TASK INSTRUCTIONS
Skip pictures in the listing below; copy exactly the lines from the one with "Design interior luxury" through the one with "Atlanta Tv Series", inclusive.

DATASET EXTRACT
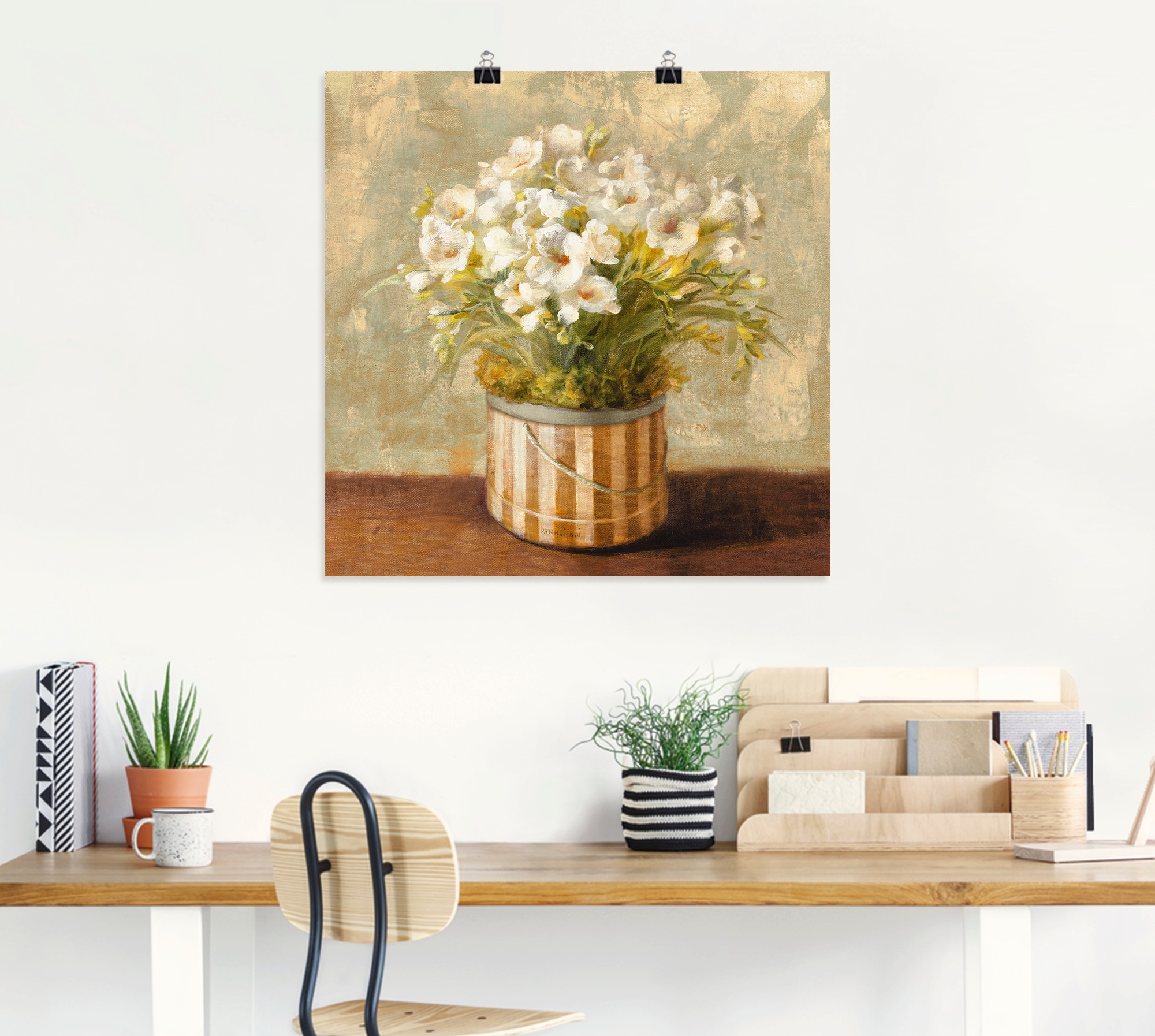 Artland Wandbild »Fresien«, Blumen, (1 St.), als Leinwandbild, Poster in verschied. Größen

--

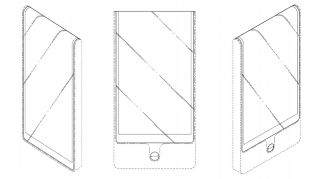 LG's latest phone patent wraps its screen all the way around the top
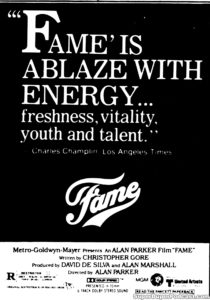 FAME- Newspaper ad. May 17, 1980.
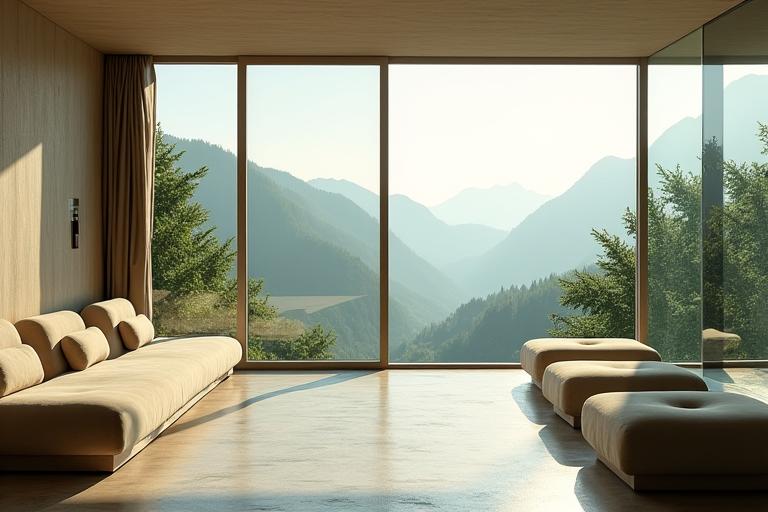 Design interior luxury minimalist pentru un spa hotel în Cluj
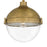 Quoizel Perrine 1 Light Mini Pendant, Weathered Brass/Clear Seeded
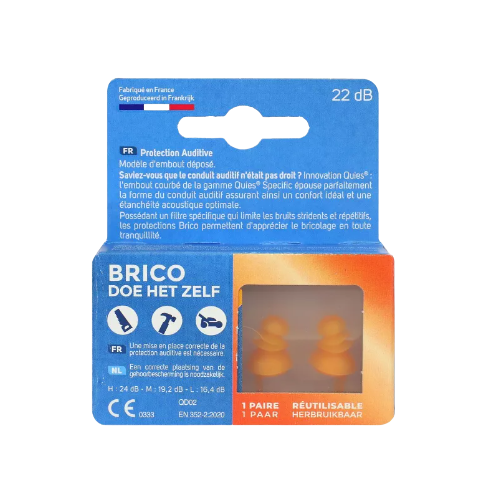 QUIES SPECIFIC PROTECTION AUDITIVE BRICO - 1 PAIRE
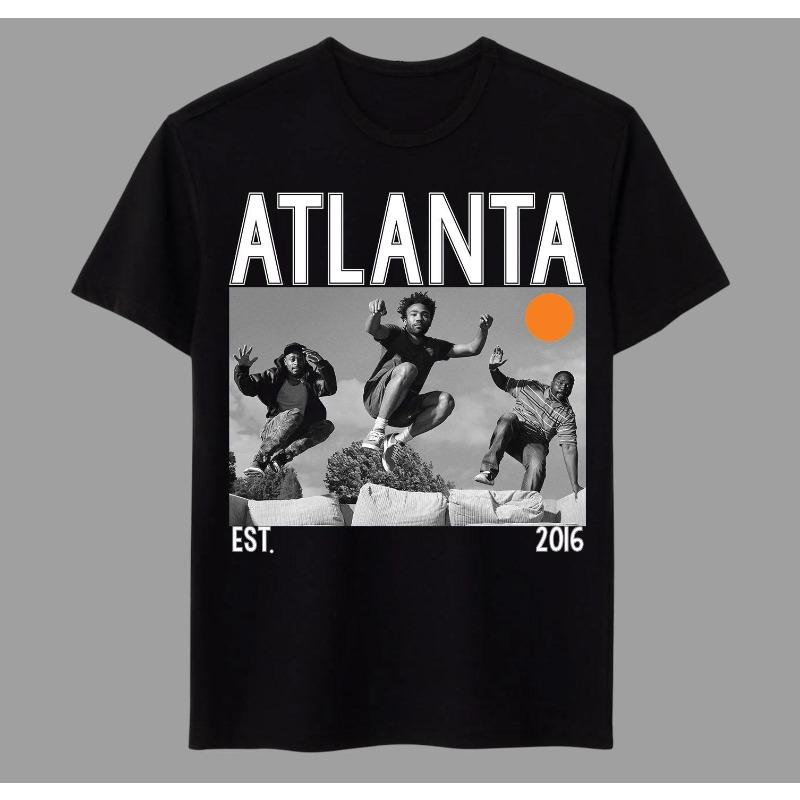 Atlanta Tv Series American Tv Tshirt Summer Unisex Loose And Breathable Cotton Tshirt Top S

==

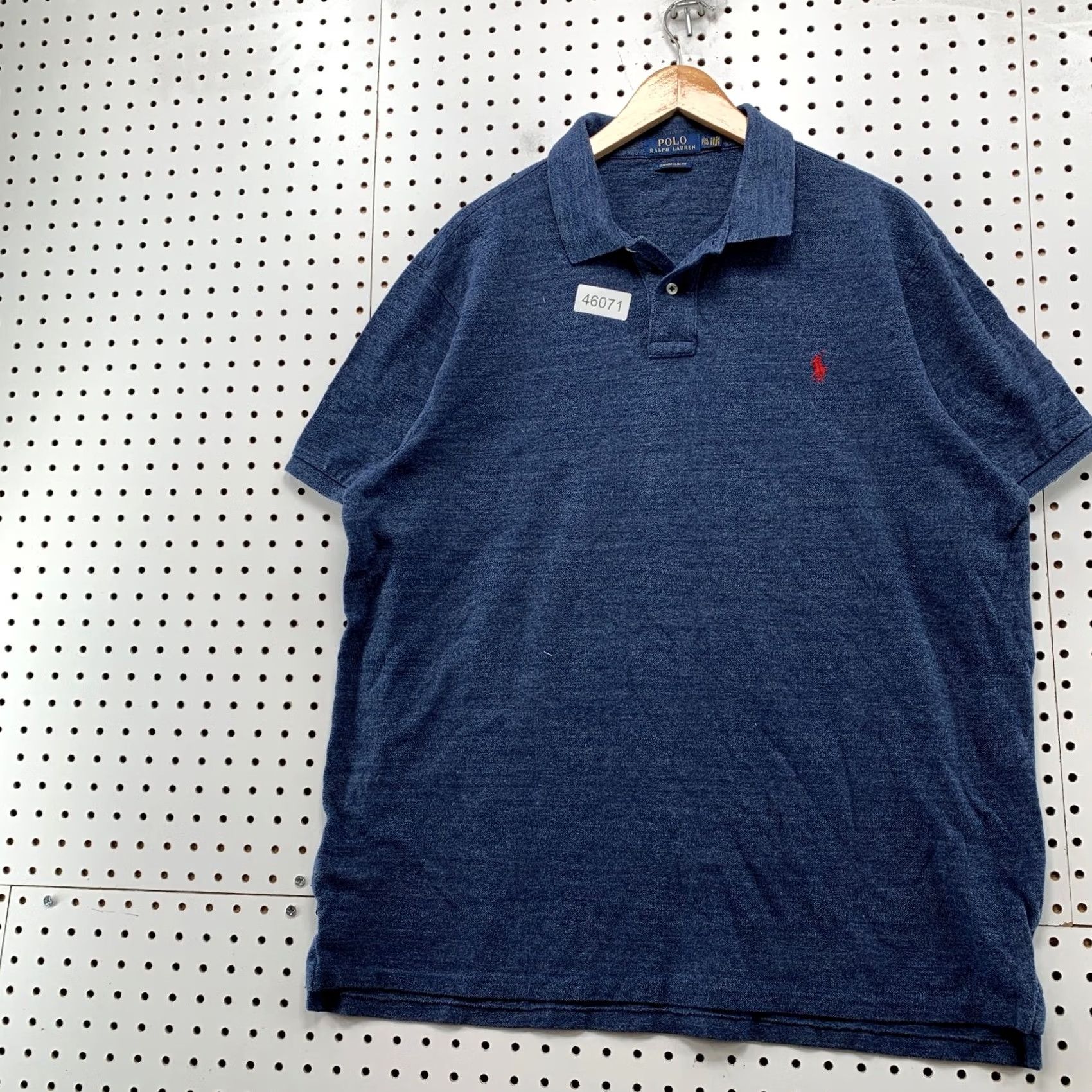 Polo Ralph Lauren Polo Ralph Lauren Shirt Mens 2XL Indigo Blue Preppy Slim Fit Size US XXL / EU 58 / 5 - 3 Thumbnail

WRITTEN ANSWER
 Design interior luxury minimalist pentru un spa hotel în Cluj
 Quoizel Perrine 1 Light Mini Pendant, Weathered Brass/Clear Seeded
 QUIES SPECIFIC PROTECTION AUDITIVE BRICO - 1 PAIRE
 Atlanta Tv Series American Tv Tshirt Summer Unisex Loose And Breathable Cotton Tshirt Top S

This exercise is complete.